Your objective: Below are the records; print exactly the lines from the one with "Golden Bridges of" through the last, both included, and leave the pictures out.
##############################
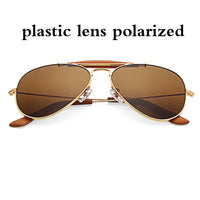 Lunettes de soleil unisexes 58mm pilote dégradé lentille de verre miroir polarisé UV400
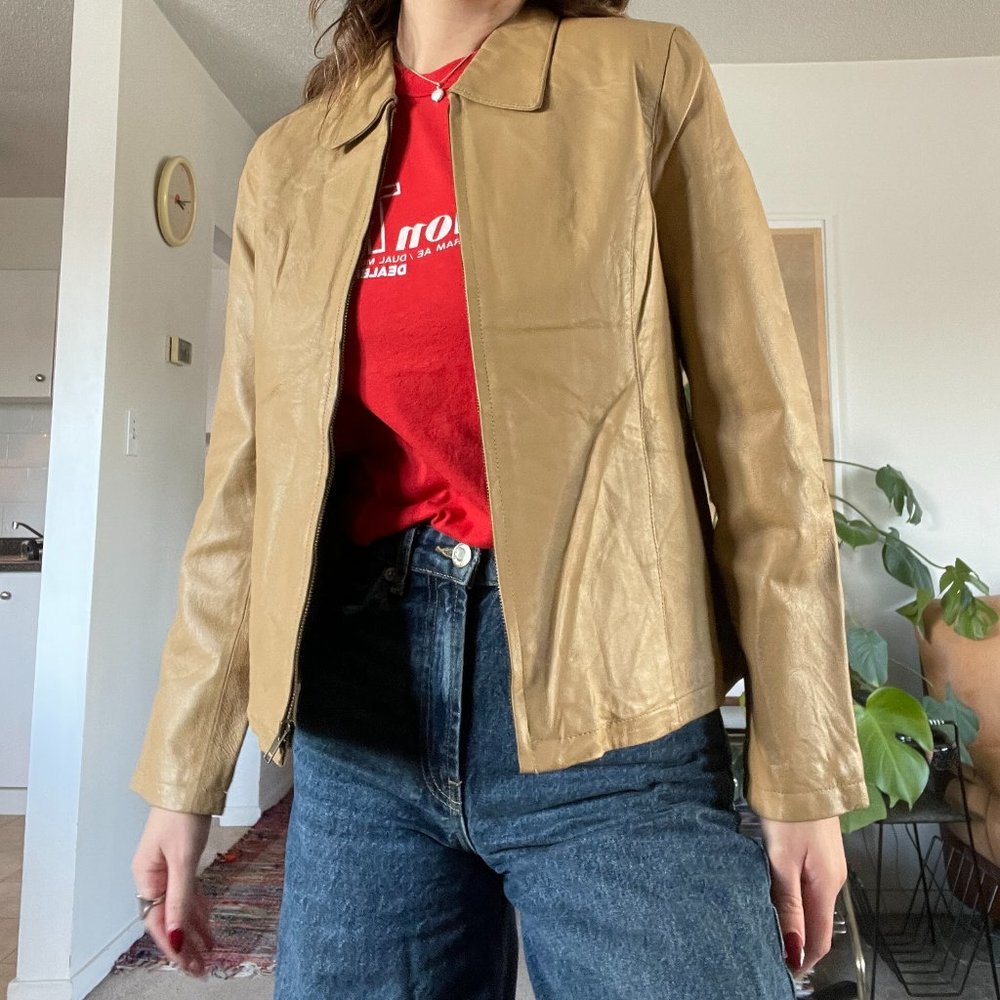 Vintage Genuine Light Brown Leather Ladies Jacket SIZE S/M
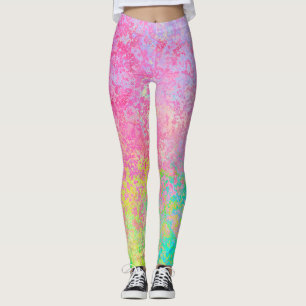 Psykedelisk Rosa av jordgubbar Neon Pastel Abstrak Leggings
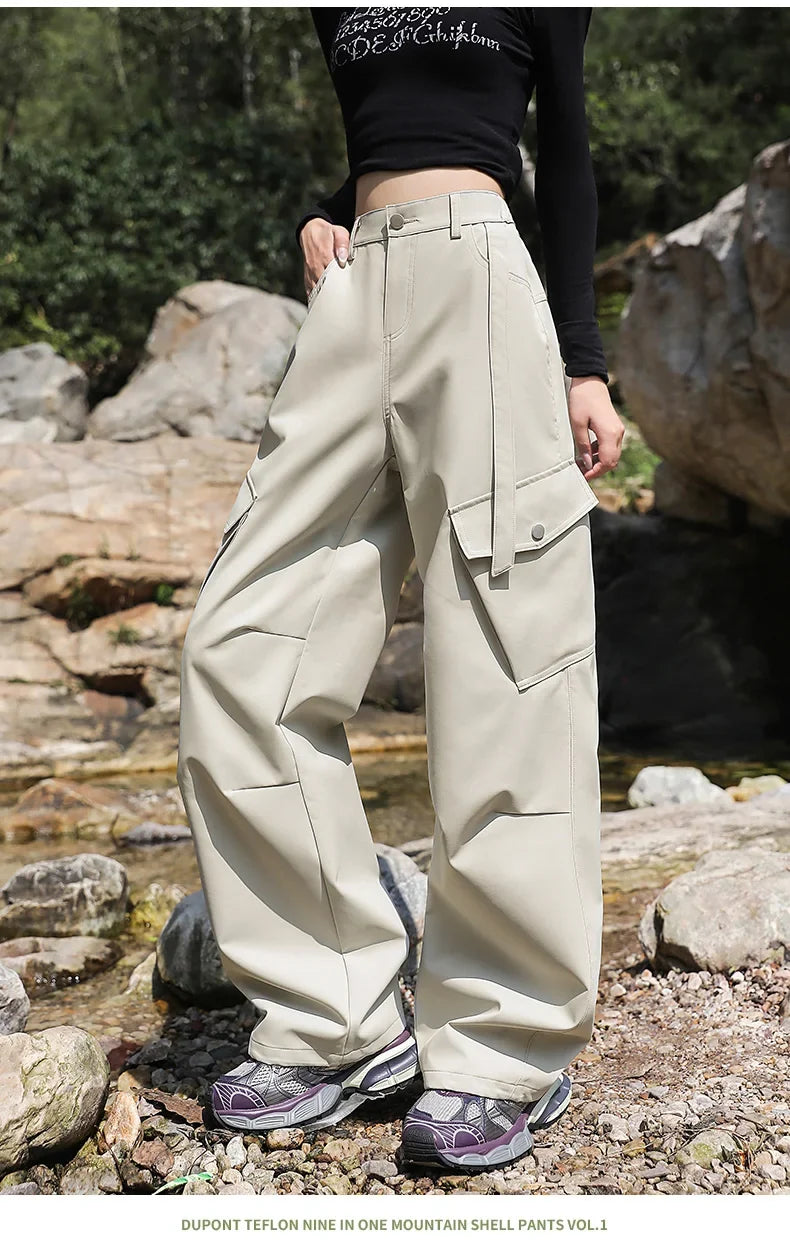 Outdoor Hiking Pants Woman 3 In 1 Removable Fleece Waterproof Camping Trousers Winter Large Pocket Windproof Cycling Travel Pant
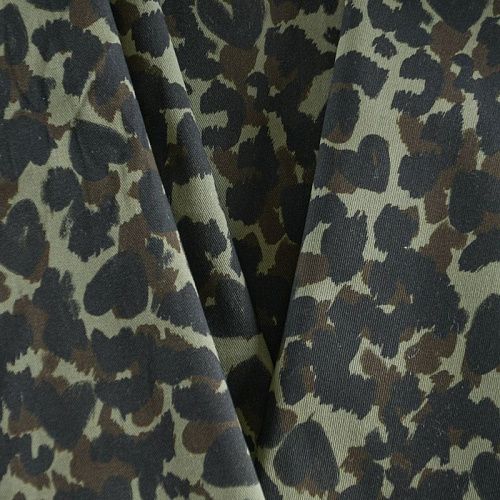 Коттон стрейч 063-12057 зеленый принтованный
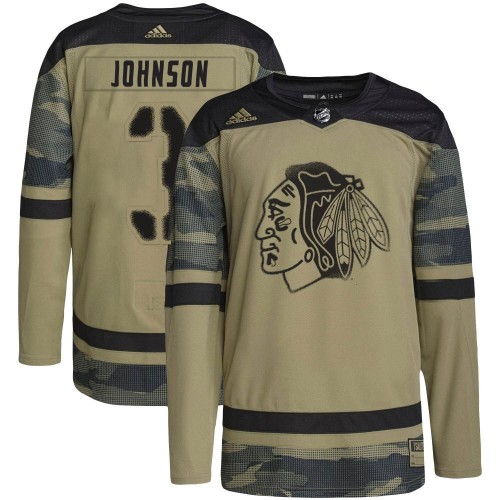 Adidas Chicago Blackhawks 3 Jack Johnson Authentic Camo Military Appreciation Practice Youth NHL Jersey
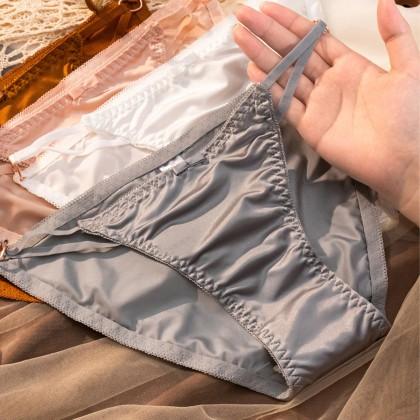 Sexy Lace Panties Women Silk Underwear Plus Size Spender Perempuan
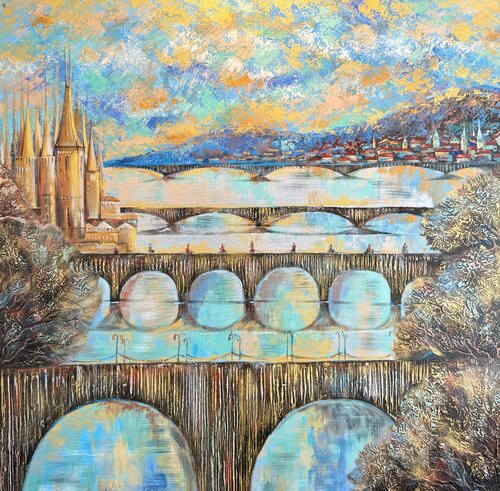 Golden Bridges of Prague by Nataliya Rozhdestvenskaya, Painting for Sale on Select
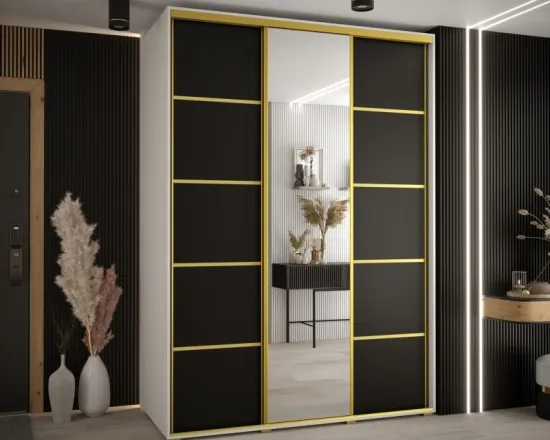 Skriňa s posuvnými dverami so zrkadlom Davos 5 180 cm 60 cm hĺbky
##############################
Expected answer:
 Golden Bridges of Prague by Nataliya Rozhdestvenskaya, Painting for Sale on Select
 Skriňa s posuvnými dverami so zrkadlom Davos 5 180 cm 60 cm hĺbky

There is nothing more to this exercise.